In Spanish, "La casa es roja," means the house is red. "Casa" has a feminine gender. It does not mean that the house is a female, or is of the female sex. It means that the word has a feminine gender, and THEREFORE you would correctly say, "La casa es roja," not "El casa es rojo." "Vestido" is Spanish for dress, as in a woman's dress. The word has a masculine gender, therefore you know that if the dress is red, you say, "El vestido es rojo" because the gender of the word -- not the sex of the dress, but the GENDER of the word -- instructs you.
I'm on a crusade to try to get conservatives to stop using the word "gender" in place of the word "sex." Like the term "sanitary engineer" instead of the word "janitor," (mis)use of the word "gender" for the real word "sex" is a way of euphemizing and downplaying reality.
Thanks for indulging my rant! :^)
:^)
With apologies to any cunning linguists, it’s perfectly unambiguous to say “gender” when the entity being described is human and the English language is the medium of discourse. It’s a convention of English, and the writers and speakers of English never felt a great compulsion to indulge picky purists.

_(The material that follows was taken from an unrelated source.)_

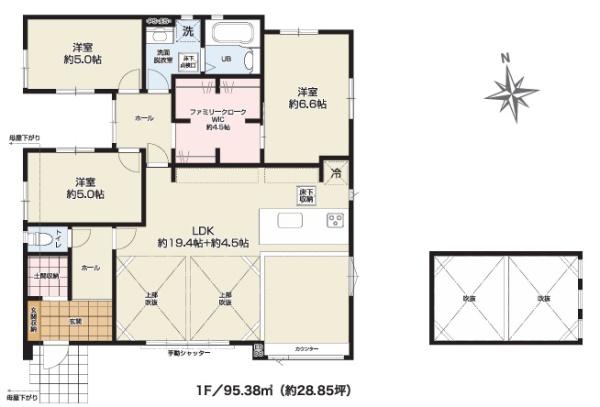 木更津市久津間1期全1棟1号棟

If you want that kind of language, you might be happier in France, where instead of private dictionary companies documenting popular consensus, they have a government bureau to prescribe the correct usage of terms both old and new.
AS OPPOSED to a lousy (and as it happens, politcally liberal) copy editor who once "corrected" the word "memento" to "momento" in the lead (or, for those purists you so roundly chastize, "lede," an archaic term that journalist snobs often use) of a feature story I wrote for that paper. THAT copy editor made me look bad (and also made his paper look bad).

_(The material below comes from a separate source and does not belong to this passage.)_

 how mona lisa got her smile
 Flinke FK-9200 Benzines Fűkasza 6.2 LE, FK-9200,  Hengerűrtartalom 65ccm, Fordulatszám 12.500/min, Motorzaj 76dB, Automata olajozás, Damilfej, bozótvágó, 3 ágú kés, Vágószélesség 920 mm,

Words have meaning. Yes, language is dynamic and I have to accept it. Dynamic language, especially in English, often results in better and more efficient communication, such as the practice of "verbing" words (for example, the word "dialogue," which used to be a noun but is now also a verb, as in "Let's dialogue."
But use of the word "gender" neither makes the language more efficient (in fact, it's the other way around, replacing a one-syllable, three-letter word with a two-syllable, six-letter word is NOT an increase in efficiency) nor does it make it more precise. In truth, (mis)use of the word "gender" is a sly way of neutering thee and me.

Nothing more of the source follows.